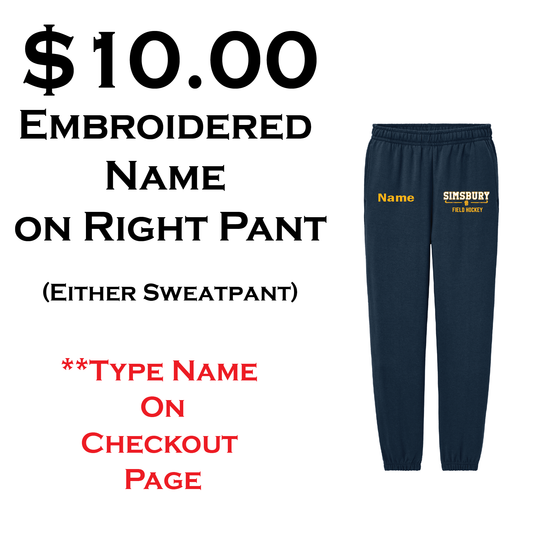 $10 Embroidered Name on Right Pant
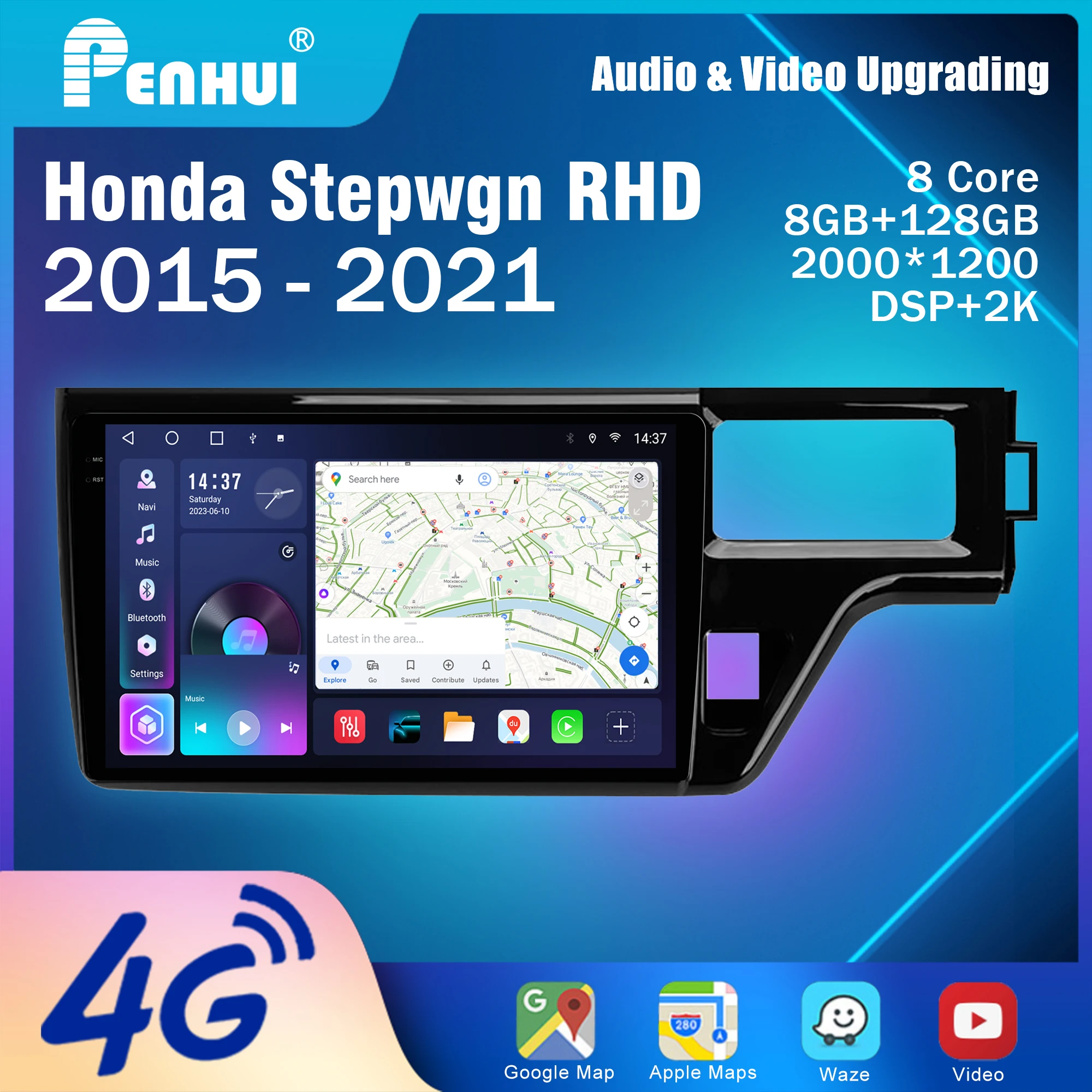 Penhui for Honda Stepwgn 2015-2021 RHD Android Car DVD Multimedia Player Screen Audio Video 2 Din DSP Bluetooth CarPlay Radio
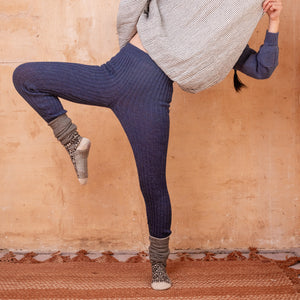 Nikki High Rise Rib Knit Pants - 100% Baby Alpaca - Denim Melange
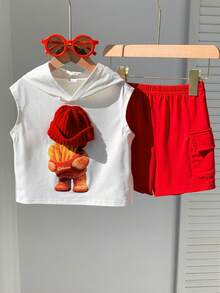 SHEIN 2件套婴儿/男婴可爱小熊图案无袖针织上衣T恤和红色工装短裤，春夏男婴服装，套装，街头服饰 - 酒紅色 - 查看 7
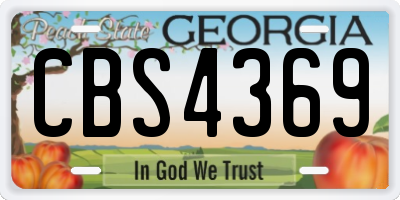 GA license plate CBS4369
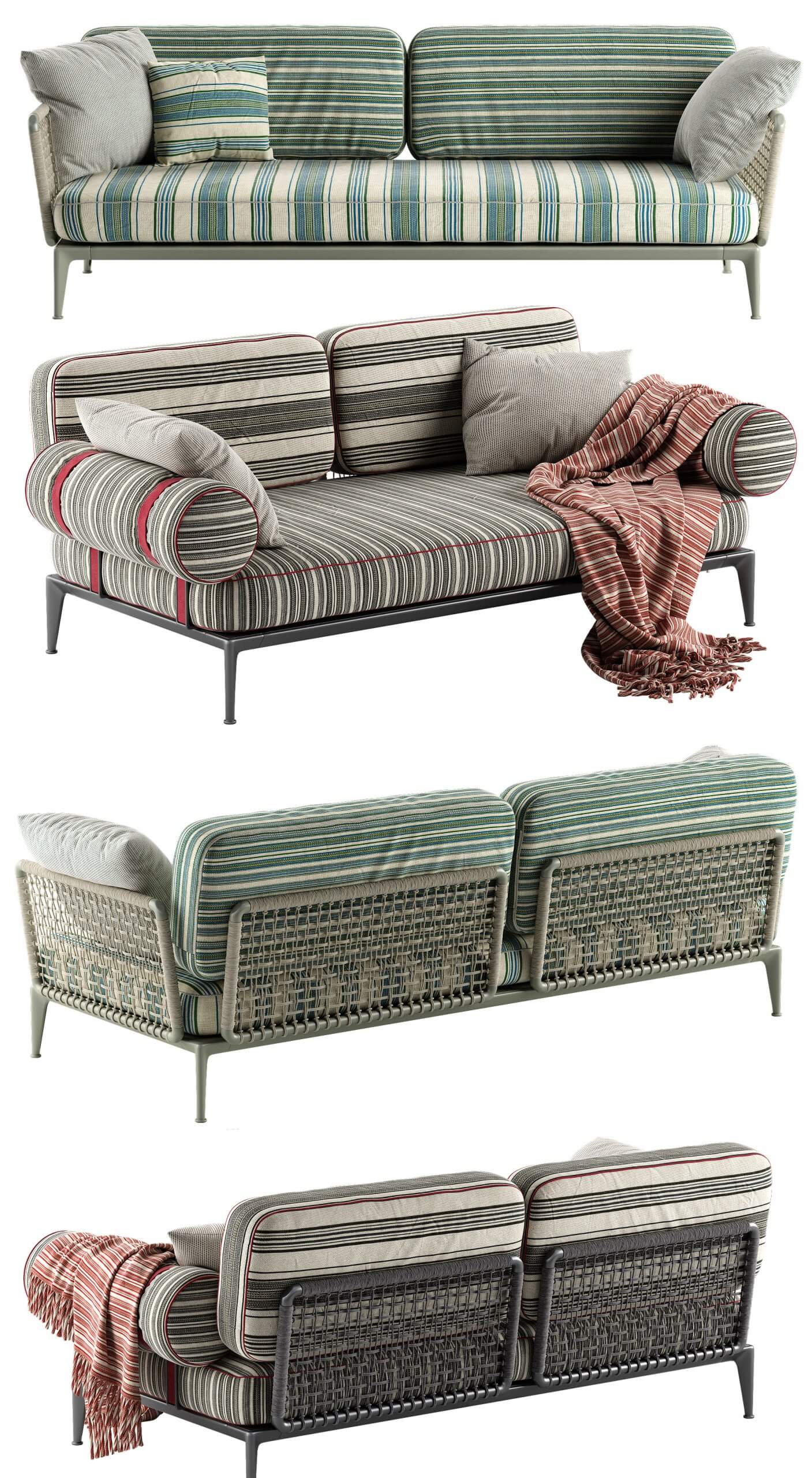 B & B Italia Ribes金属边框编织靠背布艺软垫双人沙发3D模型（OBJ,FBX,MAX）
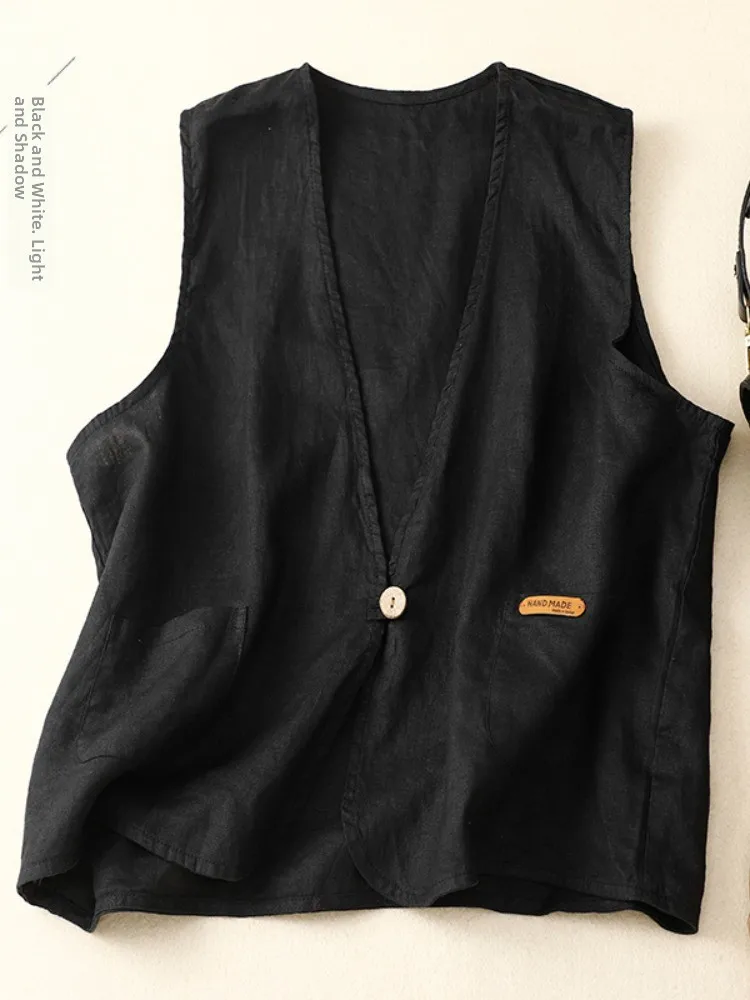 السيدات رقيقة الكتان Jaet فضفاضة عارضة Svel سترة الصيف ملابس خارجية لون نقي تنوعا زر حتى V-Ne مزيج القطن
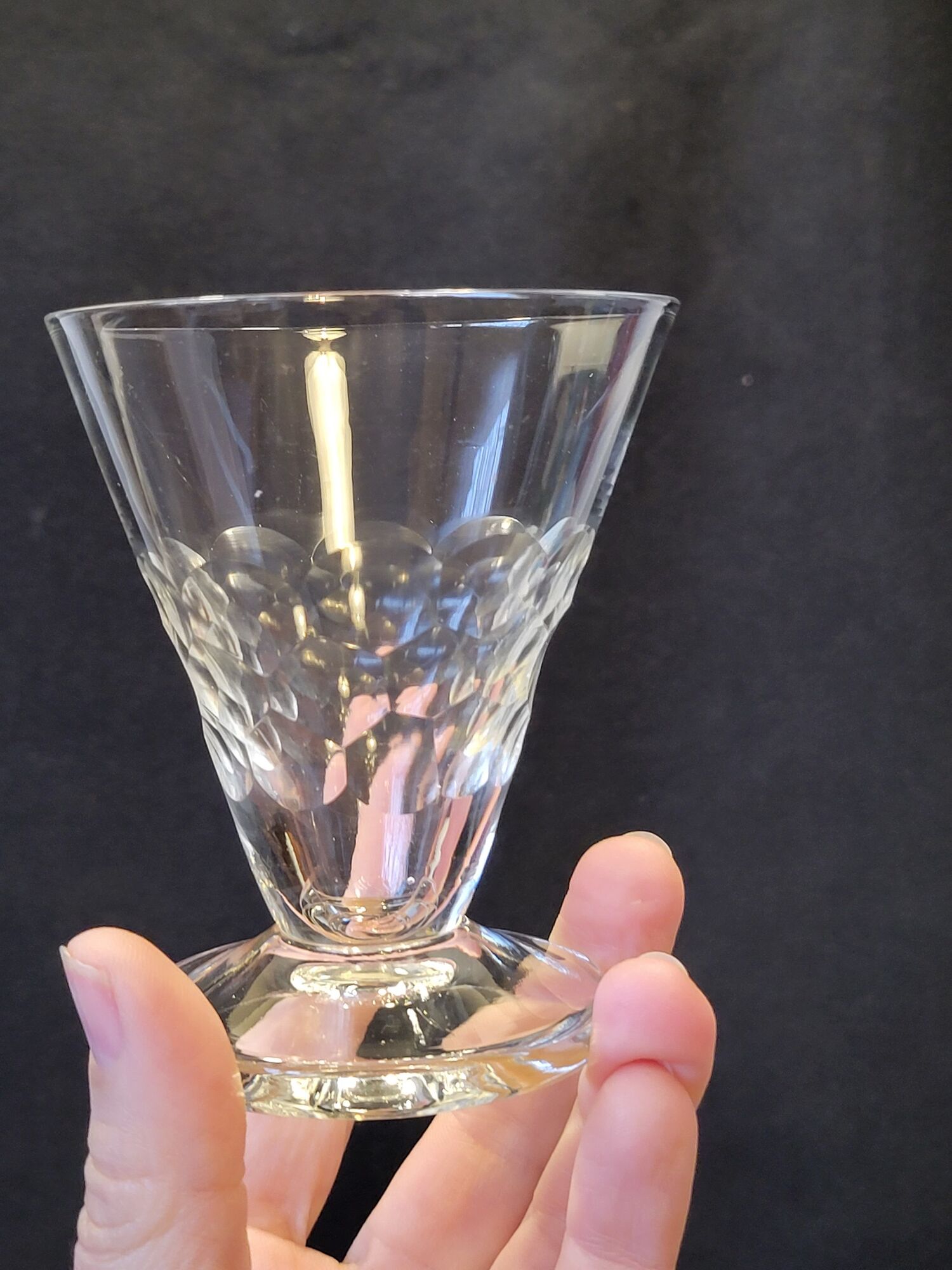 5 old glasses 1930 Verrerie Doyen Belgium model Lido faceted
==================================================
Your copy should match the entries exactly, minus the pictures.

-- Answer to this task --
 $10 Embroidered Name on Right Pant
 Penhui for Honda Stepwgn 2015-2021 RHD Android Car DVD Multimedia Player Screen Audio Video 2 Din DSP Bluetooth CarPlay Radio
 Nikki High Rise Rib Knit Pants - 100% Baby Alpaca - Denim Melange
 SHEIN 2件套婴儿/男婴可爱小熊图案无袖针织上衣T恤和红色工装短裤，春夏男婴服装，套装，街头服饰 - 酒紅色 - 查看 7
 GA license plate CBS4369
 B & B Italia Ribes金属边框编织靠背布艺软垫双人沙发3D模型（OBJ,FBX,MAX）
 السيدات رقيقة الكتان Jaet فضفاضة عارضة Svel سترة الصيف ملابس خارجية لون نقي تنوعا زر حتى V-Ne مزيج القطن
 5 old glasses 1930 Verrerie Doyen Belgium model Lido faceted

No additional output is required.